Chlorine is a yellow gas. Has a pungent odor.
Chemical properties of chlorine.
Free chlorine very active. It reacts with all simple substances except oxygen, nitrogen and noble gases:
Si + 2 Cl 2 = SiCl 4 + Q.
When interacting with hydrogen at room temperature, there is practically no reaction, but as soon as illumination acts as an external influence, a chain reaction occurs, which has found its application in organic chemistry.

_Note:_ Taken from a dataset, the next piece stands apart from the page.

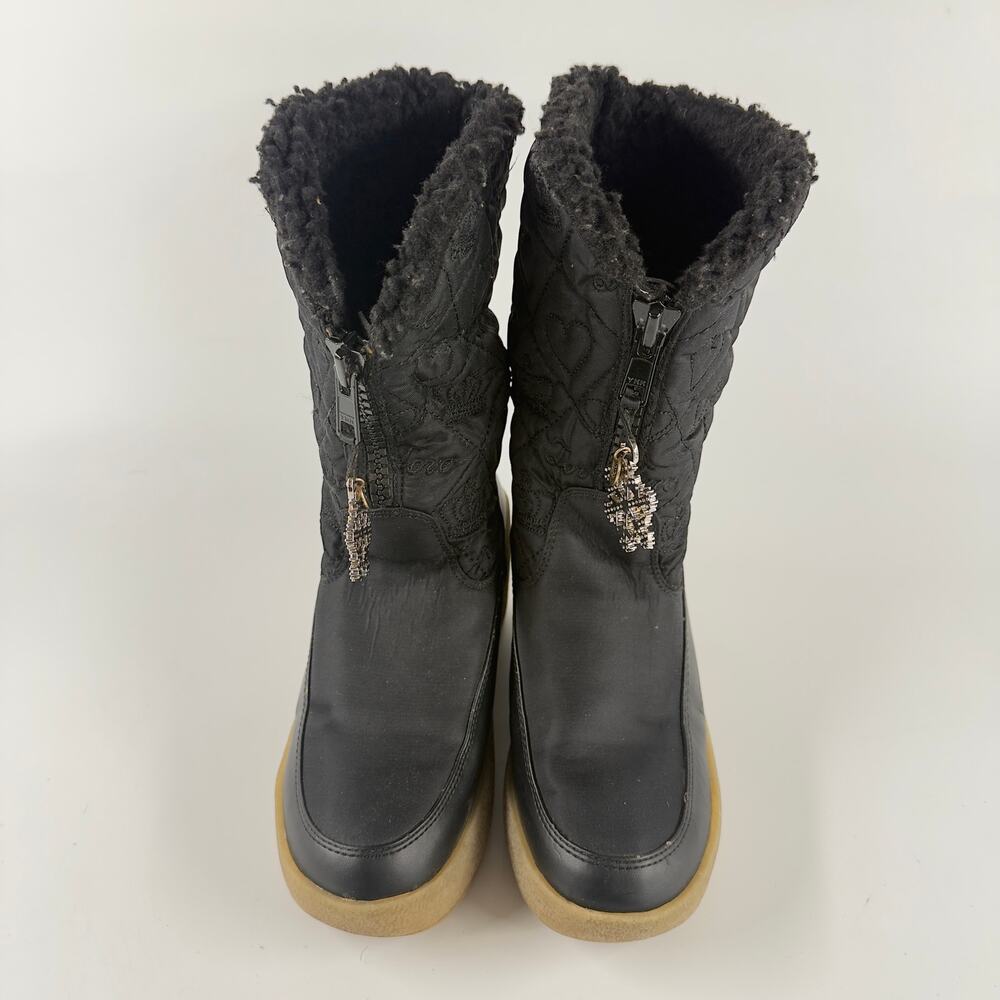 Juicy Couture Quilted Winter Boots Black Faux Fur Lined Hearts Love Size 5
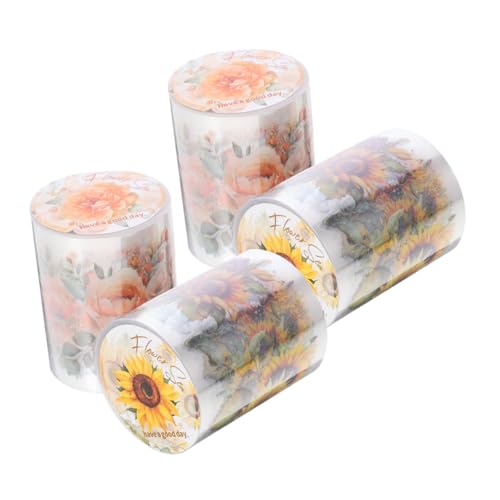 Veemoon 4 Rollen Teiliges Pet Klebeband Vintage Pflanzenmotive Vielseitiges DIY Tape für Scrapbooking Tagebuch Dekoration und Geschenkverpackung Handreißbar Tragbar und Einfach zu von Veemoon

When heated, chlorine is able to displace iodine or bromine from their acids:
Cl 2 + 2 HBr = 2 HCl + Br 2 .
Chlorine reacts with water, partially dissolving in it. This mixture is called chlorine water.
Reacts with alkalis:
Cl 2 + 2NaOH \u003d NaCl + NaClO + H 2 O (cold),
Cl 2 + 6KOH = 5KCl + KClO 3 + 3 H 2 O (heat).
Getting chlorine.
1. Electrolysis of sodium chloride melt, which proceeds according to the following scheme:
2. Laboratory method for obtaining chlorine:
MnO 2 + 4HCl \u003d MnCl 2 + Cl 2 + 2H 2 O.